A total of 12 sets of relation examples are designed, including
has_version,
has_element,
because_of,
is_product_of,
has_vul,
use_means_of,
lead_to_consequence,
exploit,
develope,
cooperate_with,
target_at,
no_relation, The relationship definition is shown in
Table 4.
has_version: This relation links the entities of a product and version number(s), indicating the corresponding version(s) of the product. For example, in the sentence “Sendmail versions 8.8.0 and 8.8.1 have a MIME buffer overflow vulnerability that can be exploited to gain root access”, the vulnerable versions of Sendmail are 8.8.0 and 8.8.1, thus there is a “has_version” relation between “Sendmail” and “versions 8.8.0 and 8.8.1”.
has_element: This relation connects a product and its element(s), indicating the subordinate relationship between the element(s) and the product. For example, in the sentence “Sendmail versions 8.8.0 and 8.8.1 have a MIME buffer overflow vulnerability that can be exploited to gain root access”, MIME is an element of Sendmail, thus there is a “has_element” relation between “Sendmail” and “MIME”.

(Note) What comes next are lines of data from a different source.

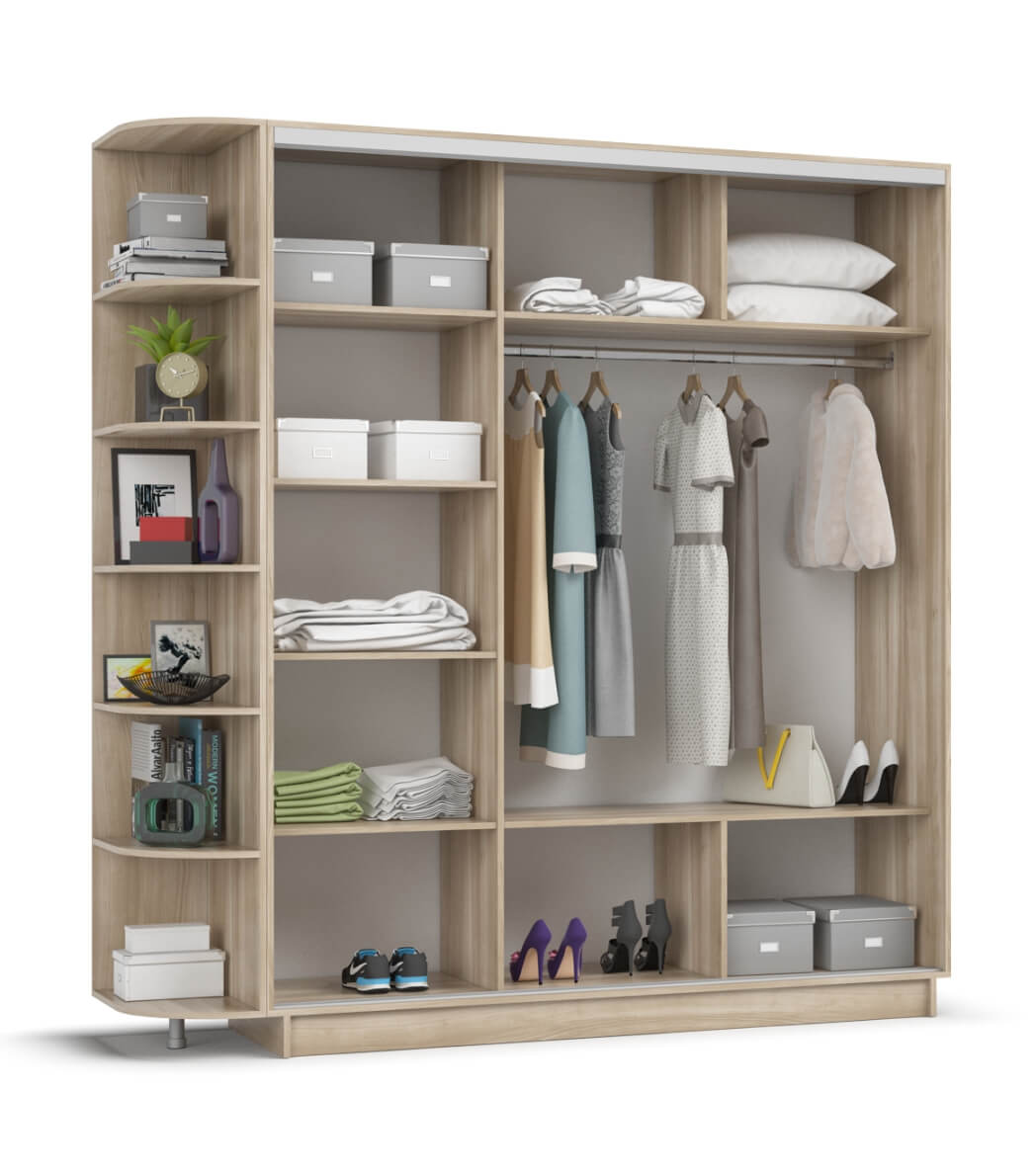 шкаф купе 180 см. шкаф купе 180/210. шкаф купе 180. шкаф купе 180. шкаф купе белый с зеркалом.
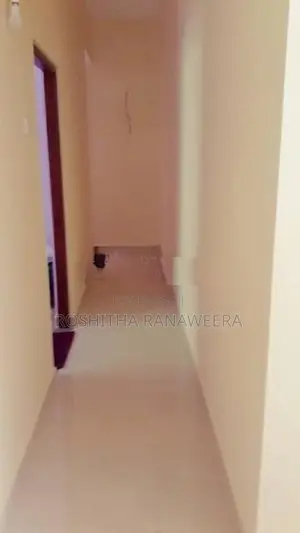 Two Story House and Land for Sale Ellakala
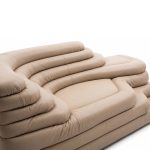 DS 1025e sofa - Image 2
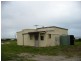 Lot 50 Cape Douglas Road, Cape Douglas SA 5291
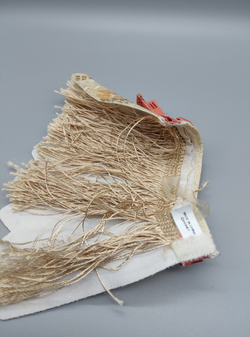 Одежда для куклы Барби юбка Дисней Моана 02296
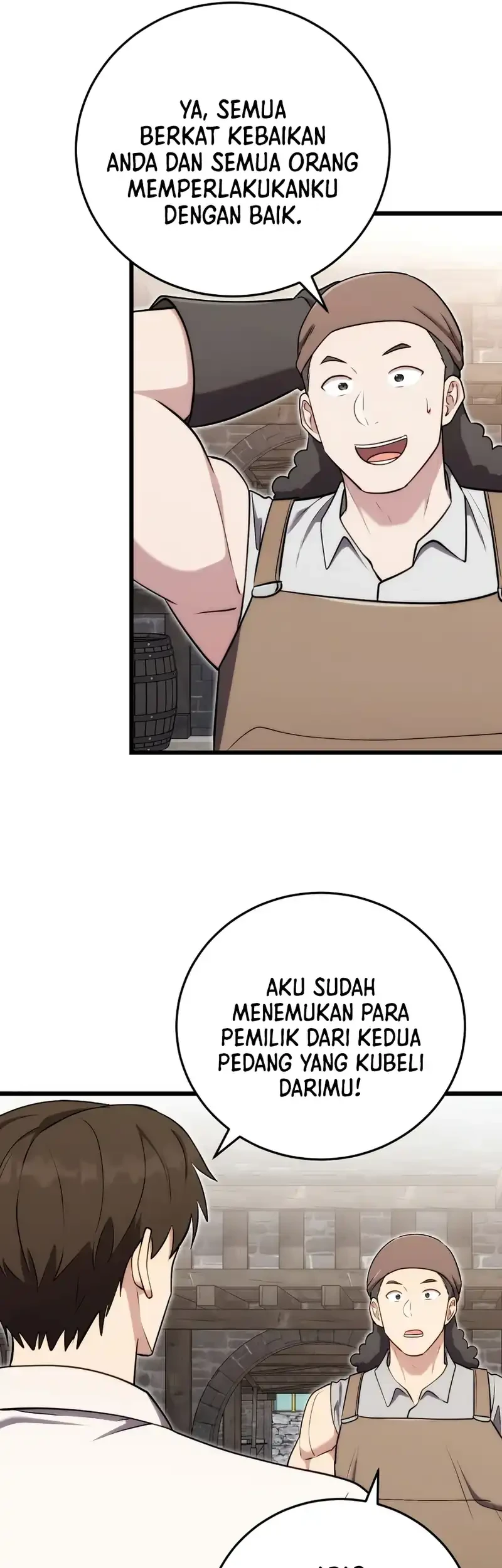 Chapter 27 - halaman 71
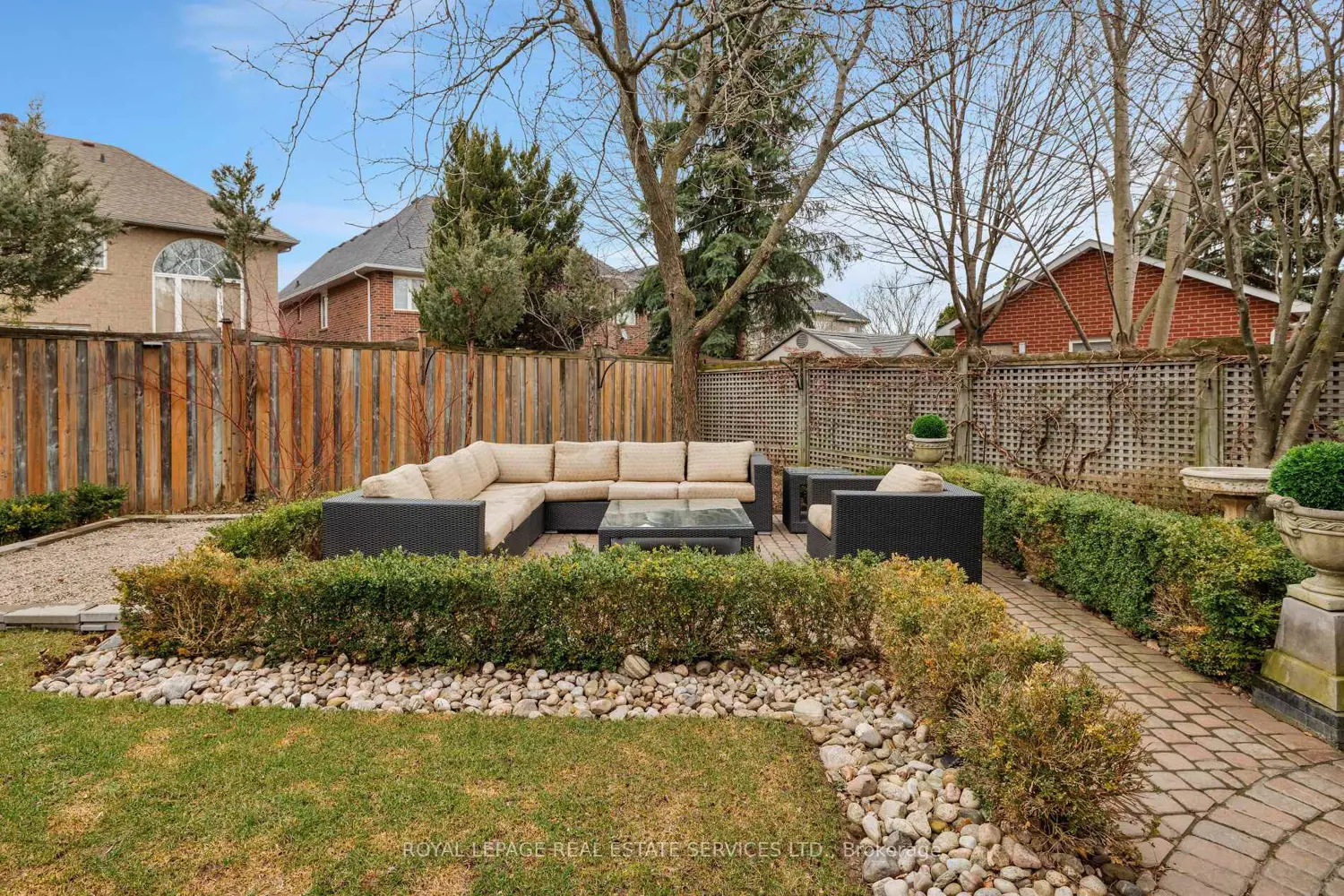 Additional image 14 of 2030 Banbury Crescent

because_of: This relation links a vulnerability with its cause, indicating the cause of the vulnerability. For example, in the sentence “Versions of Screen prior to 3.9.1.0 have a vulnerability related to multi-attach error”, the multi-attach error is a cause of the vulnerability, thus there is a “because_of” relation between “vulnerability” and “multi-attach error”.
is_product_of: This relation connects a product with its manufacturer, indicating that a certain product belongs to a certain manufacturer. For example, in the sentence “Microsoft Windows NT is a large-scale computer network operating system developed by the Microsoft Corporation”, Microsoft Windows NT is a product of Microsoft, thus there is an “is_product_of” relation between the entity “Microsoft Windows NT” and the entity “Microsoft Corporation”.
has_vul: This relation links a product with the vulnerability(ies), indicating the vulnerability(ies) present in the product. For example, in the sentence “Sendmail versions 8.8.0 and 8.8.1 have a MIME buffer overflow vulnerability that can be exploited to gain root access”, Sendmail has a buffer overflow vulnerability, thus there is a “has_vul” relation between “Sendmail” and “buffer overflow vulnerability”.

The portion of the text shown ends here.